What you should do —
If an entry includes an image, drop the image and copy the rest verbatim.

Web page caption snippets

=====

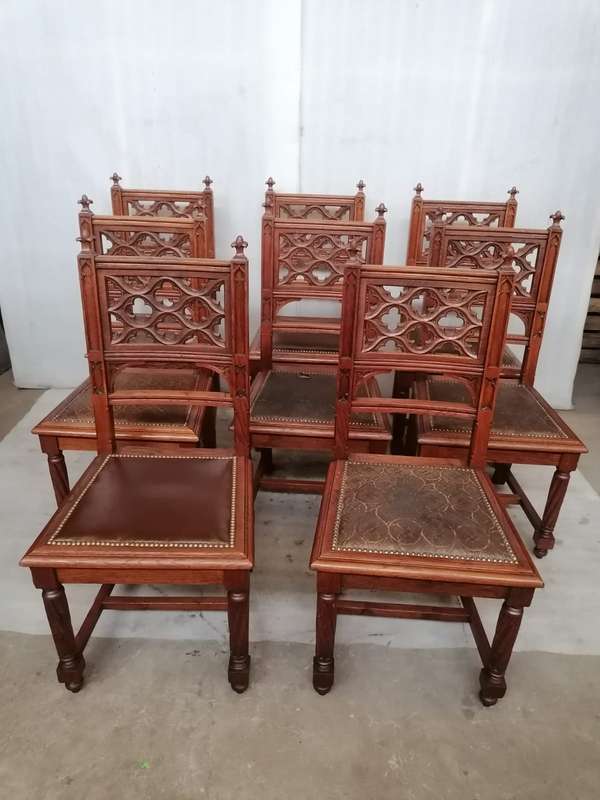 8 Oak Gothic style chairs
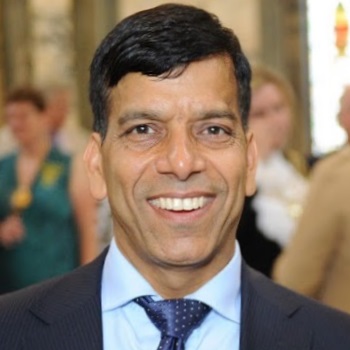 A headshot of Alderman Prem wearing a dark blue suit, smiling broadly at the camera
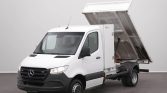 White Mercedes-Benz dump truck with its hydraulic bed raised, ready to unload debris in a facility setting.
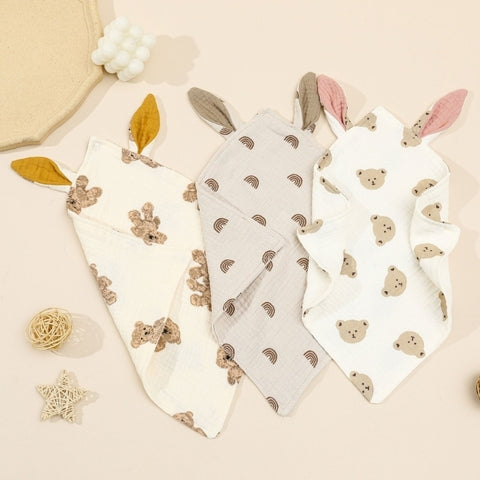 Three baby cloths with playful designs: one with teddy bears and mustard ears, one with rainbows and grey ears, and one with bear faces and pink ears, laid on a beige surface.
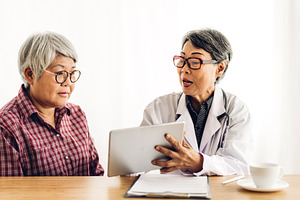 Senior woman doctor wearing uniform with stethoscope service hel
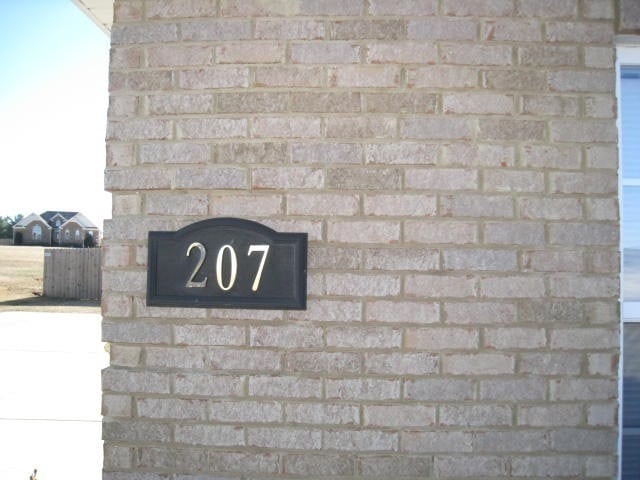 Photo - Large fenced back yard with patio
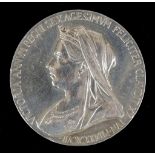 An 1897 silver diamond jubilee medallion, with veiled head / reverse with young head and date 1837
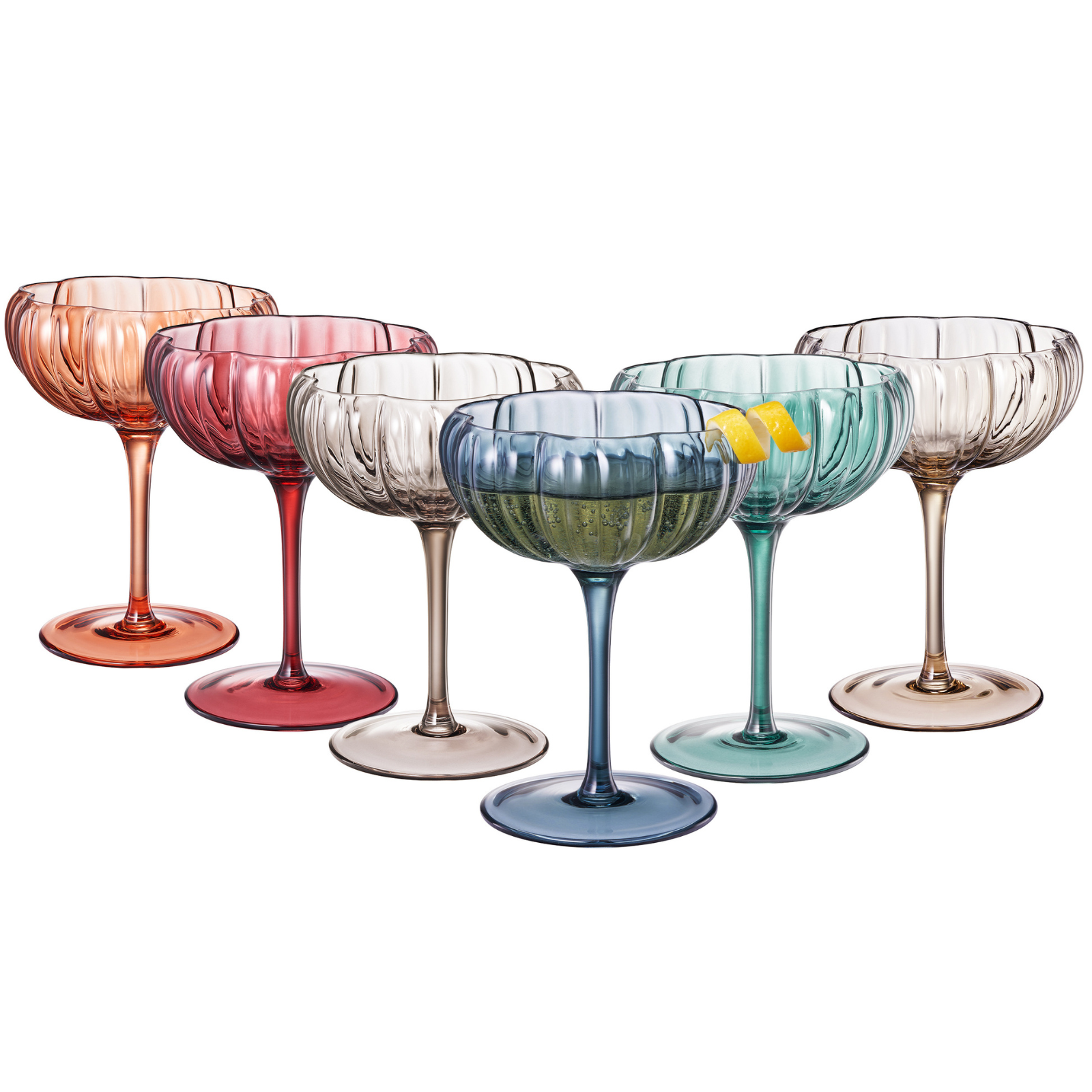Set of colorful glass cocktail glasses on a white background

=====

Exercise output —
 8 Oak Gothic style chairs
 A headshot of Alderman Prem wearing a dark blue suit, smiling broadly at the camera
 White Mercedes-Benz dump truck with its hydraulic bed raised, ready to unload debris in a facility setting.
 Three baby cloths with playful designs: one with teddy bears and mustard ears, one with rainbows and grey ears, and one with bear faces and pink ears, laid on a beige surface.
 Senior woman doctor wearing uniform with stethoscope service hel
 Photo - Large fenced back yard with patio
 An 1897 silver diamond jubilee medallion, with veiled head / reverse with young head and date 1837
Set of colorful glass cocktail glasses on a white background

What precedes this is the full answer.